**** Source material ****

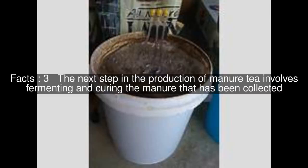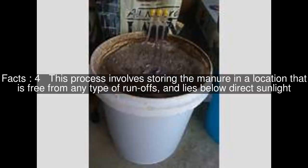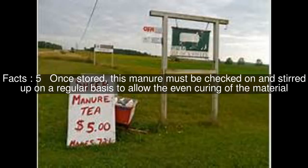The next step in the production of manure tea involves fermenting and curing the manure that has been collected. This process involves storing the manure in a location that is free from any type of runoffs and lies below direct sunlight. Once stored, this manure must be checked on and stirred up on a regular basis to allow the even curing of the material.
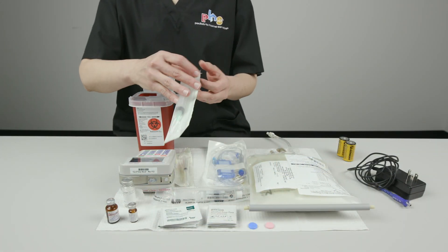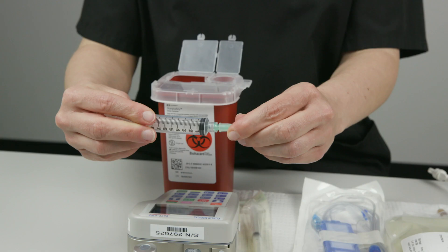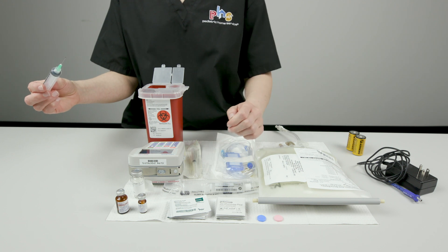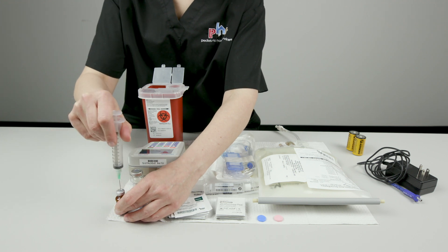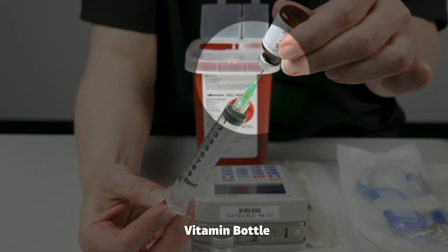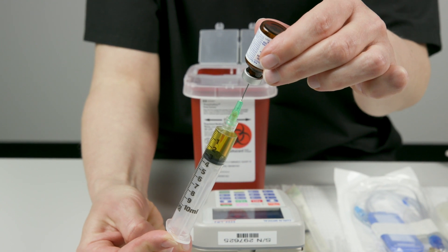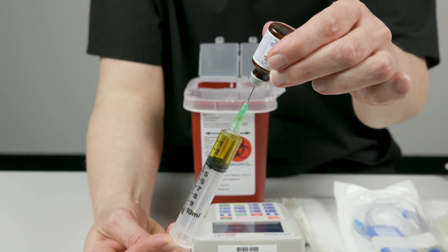Remove the syringe with an attached needle from its packaging. Twist the needle hub to tighten the connection between the needle and the syringe. Pull to remove the cap from the needle. Put the cap onto the safe zone. Push the needle into the center of the first vitamin bottle. Turn the bottle upside down. Slowly pull the syringe back until the tip of the needle is in the neck of the bottle, below the fluid level. Pull down on the plunger until you see the correct amount of fluid in the syringe. You may need to pull the tip of the needle further down into the neck of the bottle to get all of the fluid you need.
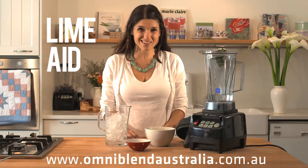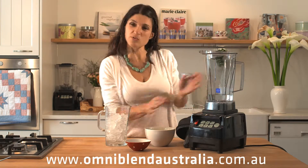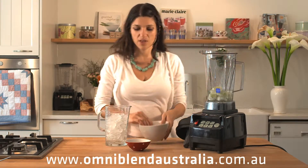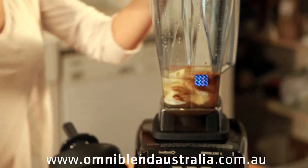The OmniBlend makes fantastic iced drinks, so right now I'm going to make for you a frozen limeade. We've got one cup of water in here already, three peeled limes, a couple of spoonfuls of coconut sugar — a nice low GI sugar — and about three cups of ice.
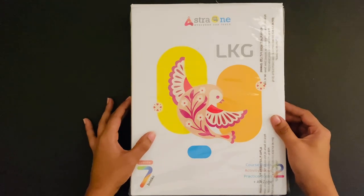Hello everyone, very warm greetings from Astrojen. This video will help you in understanding the steps to be followed while handling our student packs.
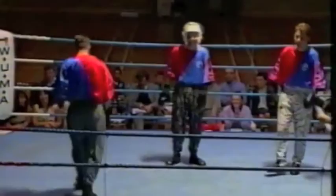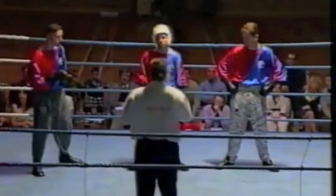Three is all hand techniques. One point for a hand technique to the head. One point for all body punches. Two points for kicks to the body and to the back. Three points for all head kicks. One point for all head kicks.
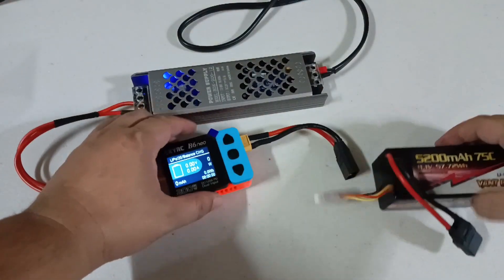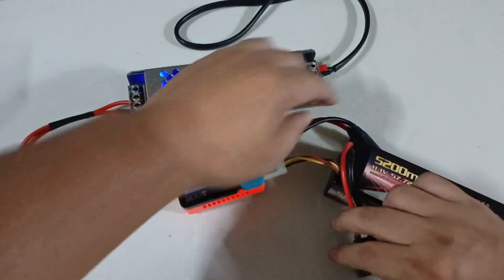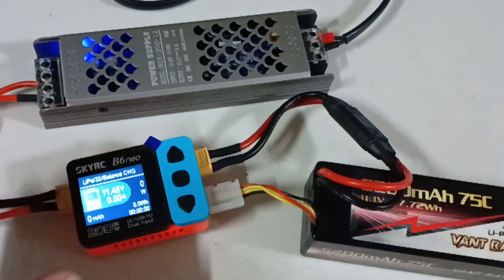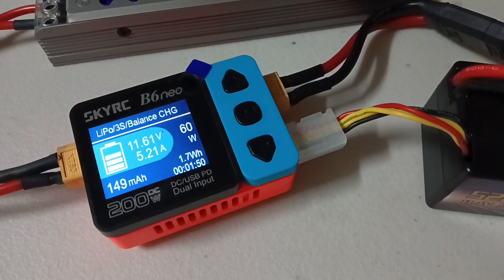Let's begin by connecting the usual 3S battery that we're using for the test. It's a 5200 milliamps 75C LiPo. Remember that we're going to charge this from storage charge.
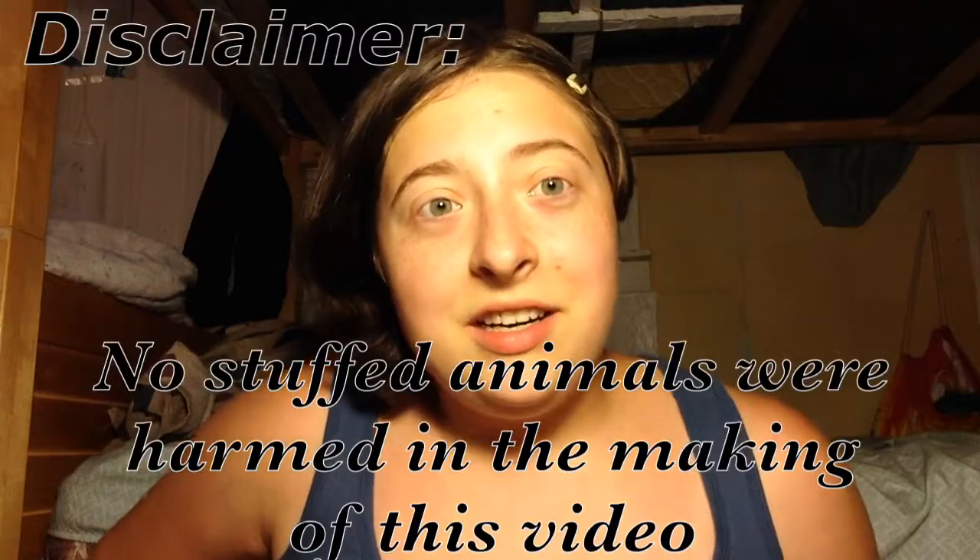So thank you guys so much for watching. Just so you know, disclaimer — no stuffed animals were harmed in the making of this video. Cause look, the original one's fine. Just damp. Had to wash her.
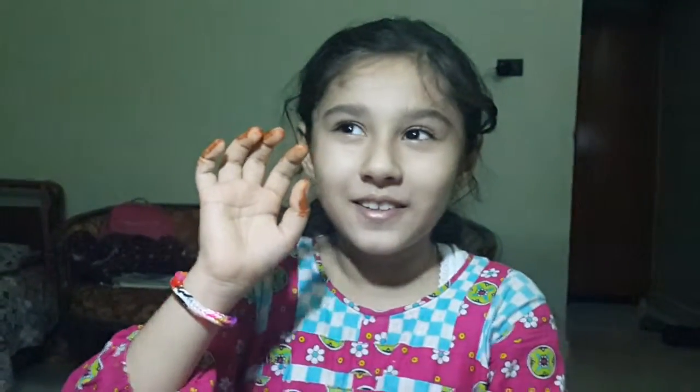Bye bye, I'm Felicia. Bye bye. See you in the next video. Bye bye.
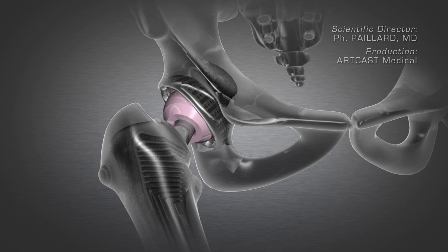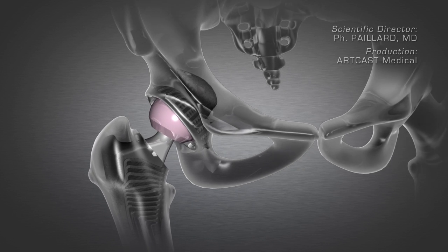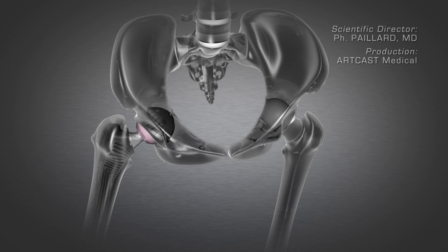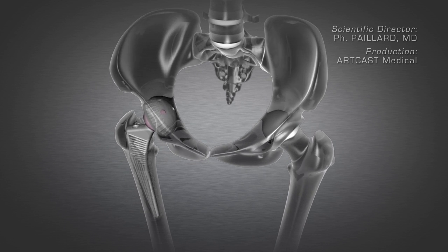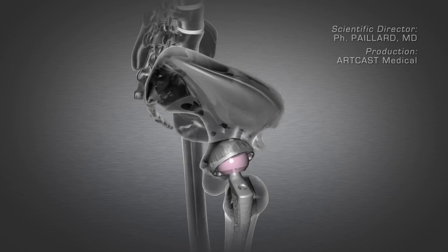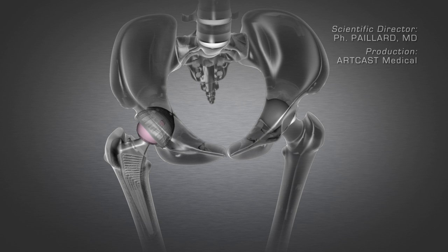The hip recovers full mobility and is no longer painful. Cementless, aluminium-based implants are generally used, providing optimal duration of the prosthesis. This replacement is performed using a minimally invasive anterior approach. All the hip muscles are preserved, thus enabling rapid recovery and good stability. An incision can also be made in the groin for aesthetic purposes.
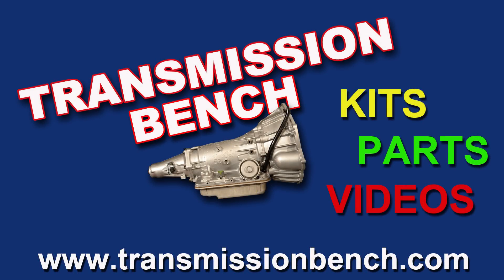This video classroom lesson is sponsored by Transmission Bench. Visit the TransmissionBench.com store for the deluxe super kit, other parts, and even the video classroom lessons used during this project.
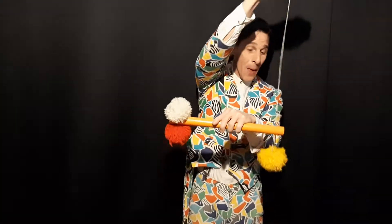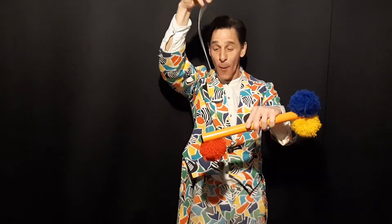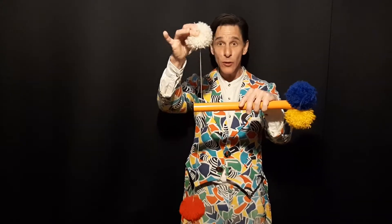Well, this can only mean one thing. The red pom-pom is connected to the blue pom-pom. The blue pom-pom is connected to the yellow pom-pom and the yellow pom-pom is connected to the white pom-pom. The white pom-pom is connected to the red pom-pom. Which is not only quite ridiculous, but extremely difficult to say. But one thing I do know is we always have a long string on this side and a short string on that side.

****

▶ [Prompt]
Would you give again, exactly, the lines in the data above that run from the line containing "Three is all" to the line containing "Bye bye, I'm"? Include both ends and no pictures.

▶ [Output of the exercise]
Three is all hand techniques. One point for a hand technique to the head. One point for all body punches. Two points for kicks to the body and to the back. Three points for all head kicks. One point for all head kicks.
Let's begin by connecting the usual 3S battery that we're using for the test. It's a 5200 milliamps 75C LiPo. Remember that we're going to charge this from storage charge.
So thank you guys so much for watching. Just so you know, disclaimer — no stuffed animals were harmed in the making of this video. Cause look, the original one's fine. Just damp. Had to wash her.
Bye bye, I'm Felicia. Bye bye. See you in the next video. Bye bye.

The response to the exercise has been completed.